Probability is the mathematical framework used to quantify and model uncertainty in complex systems. It provides tools to describe the likelihood of various outcomes when the exact behavior of a system is too complicated or unknown.

  • It assumes a known probability distribution that models how likely different outcomes are.
  • Probability helps us say something quantifiable about future observations or events whose exact results are unknown.
  • Examples include modeling measurement errors, gas molecules behavior, turbulence, weather, and human behavior.

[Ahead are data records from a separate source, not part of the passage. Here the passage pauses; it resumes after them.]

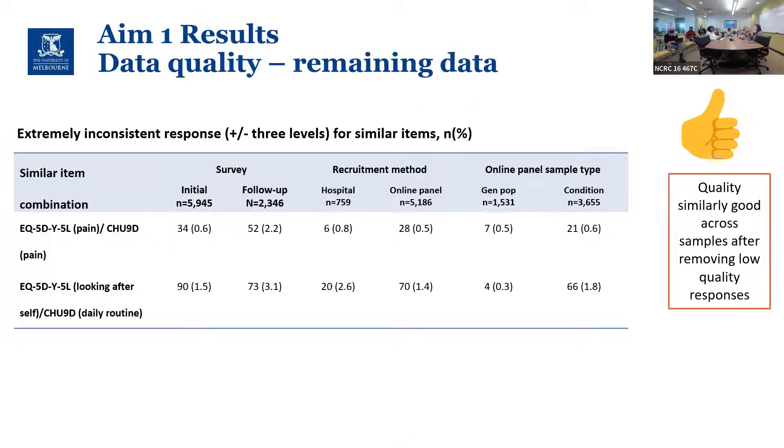After removing those participants, we checked the quality of the remaining data. Similar items across instruments — for example the EQ-5D-Y pain item and the CHU9D pain item — should yield similar answers. We found that after removing the excluded participants, those discrepancies were quite minimal, so we were quite happy with the quality of the remaining data.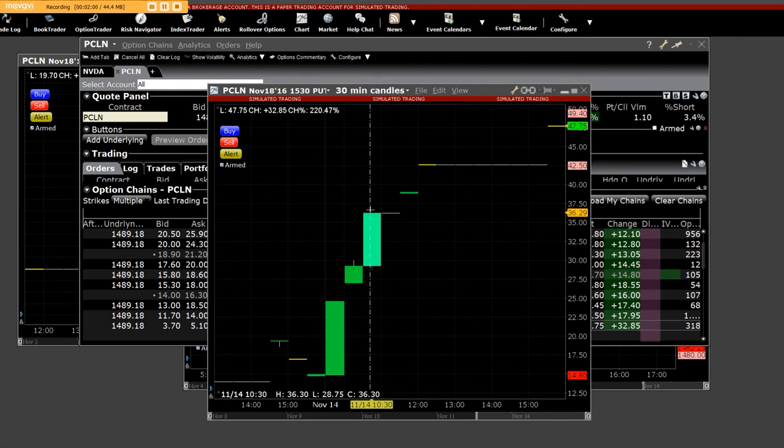Back on the $11.07, we did the call side that went up $127.00. If I were you, I would figure out how to get here with us.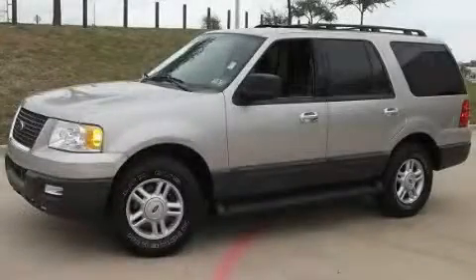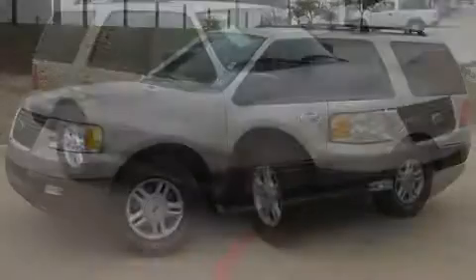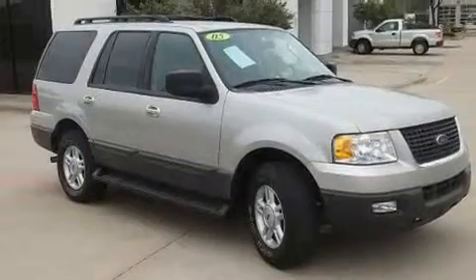This is a 2005 Ford Expedition, a big SUV for big fun. It has an eight-cylinder engine and an automatic transmission.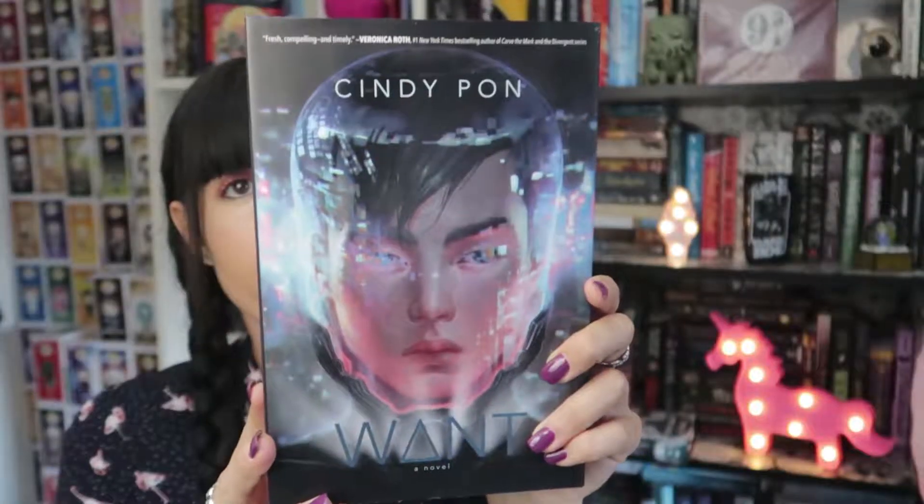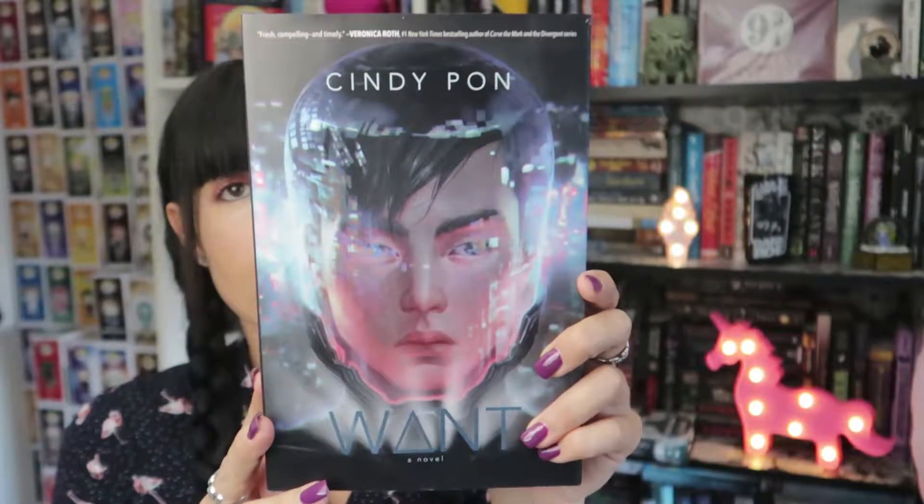Next we have Want by Cindy Pon, and it is absolutely stunning. I know the second book is already out but I haven't read this one yet. When I saw this cover, and I do love science fiction, I knew I had to grab it. I really love the story too — it is a futuristic world in which rich people can buy their way out of death, essentially out of sicknesses, so if you're rich you don't die. There is a group of people that try to fight against it. It sounded super interesting and the cover is stunning.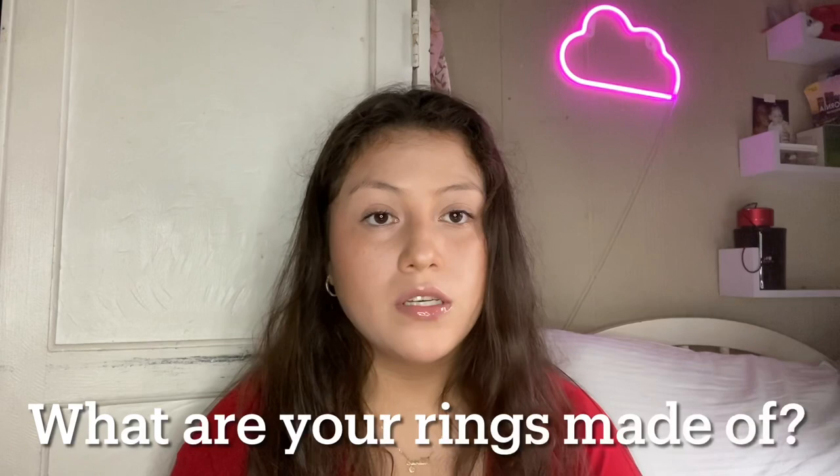How do you know your size? I found out my size by going to the mall, since I'm a big ring person. I would try on rings there and they usually have a little tag that says the size — that's how I found out mine. What are the rings made of? They are made of resin — UV resin, to be exact.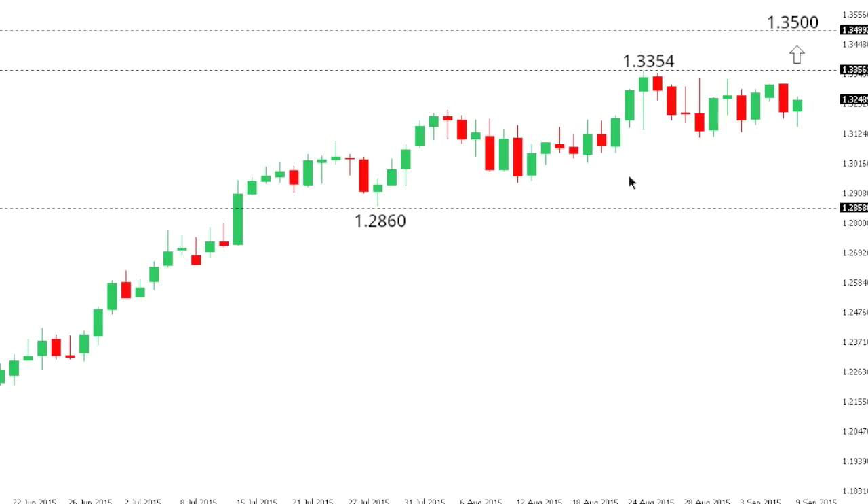Dollar-CAD. Dollar-CAD remains locked within a very well-defined uptrend, with the market trading just off recent 11-year highs at 133.54. Look for setbacks to continue to be very well supported in favor of a higher low and fresh upside towards next key psychological barriers at 135 further up. At this point, only a break back below 128.60 would compromise the constructive outlook for Dollar-CAD.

Key Concepts with Examples

Uncertainty and Complex Systems

  • Example: Cannot track every molecule in a gas, so we model temperature and entropy probabilistically using distributions like the Maxwell-Boltzmann distribution.
  • Example: Turbulence in fluid flow is too complex to simulate exactly, so statistical models are used.

Measurement Error

  • Measurements (e.g., speed of light, gravity acceleration) have inherent errors, often modeled as normally distributed random variables. Repeating an experiment yields slightly different results each time.
  • Often times measurement error behave according to Gaussian distribution (Genesis).

Random Variables

  • A variable (X) whose possible values have associated probabilities.
  • Example: X could represent the number of heads in 10 coin flips.
  • Distributions have parameters: e.g., Gaussian with mean (average) and standard deviation (spread).

Counting Events

  • Probability often reduces to counting how many outcomes satisfy certain criteria.
  • Example: How many poker hands of a certain type are possible? What is the probability that three dice sum to 13?

Note

Probability vs. Statistics
- Probability: Assume Known distribution, unknown future data; quantifies chance of events.
- Statistics: Known data samples, unknown distribution; infer properties of the system from data. For example, ML for learning the probability distribution (i.e. parameters)

Note

Probability vs. Likelihood
- Probability is the chance of observing a given outcome based on a known model. Likelihood is the chance of the model being true given a specific outcome.
- Likelihood is a method/statistical concept used within statistics. In other words, probability asks "What are the odds of seeing this data, given the model?" while likelihood asks "How likely is this model, given the data?"
- Probability is used when we know the model or process and want to predict how likely a particular outcome is. For example, if we know a coin is fair, the probability of getting heads is 50%.
- Likelihood is used when we have data (the outcome) and want to figure out which model or parameter is most likely to have produced that data. For example, if we flip a coin and get heads 9 out of 10 times, we might use likelihood to determine how fair the coin is.

How

  • Model uncertainty by using probability distributions: For example, a normal (Gaussian) distribution models measurement errors. This means, to use parameters (e.g., mean and standard deviation) to define distributions.
  • Use random variables to represent quantities that can take on different values with certain probabilities.
  • Count possible outcomes and group events into sets to calculate probabilities.
  • Apply probability to calculate the chance of events such as flipping 7 heads in 10 coin tosses or rolling dice sums.
  • Use probability in dynamic systems by combining it with differential equations, leading to stochastic differential equations.
  • Techniques like the Kalman filter merge control theory with probabilistic models to handle measurement uncertainty in real-time systems.
  • Understand that some physical systems (coin flips, turbulence) are fundamentally deterministic but appear random due to complexity and measurement limits.

Why

The real world is complex and uncertain, and it is often impossible to measure or model every detail exactly. Probability offers an elegant way to simplify this complexity into manageable statistical quantities. It provides a framework for modeling measurement errors that naturally occur in experiments. Also, enables prediction and understanding of inherently unpredictable phenomena like weather and human behavior. It allows bridging from deterministic physics to practical modeling when full knowledge is unavailable.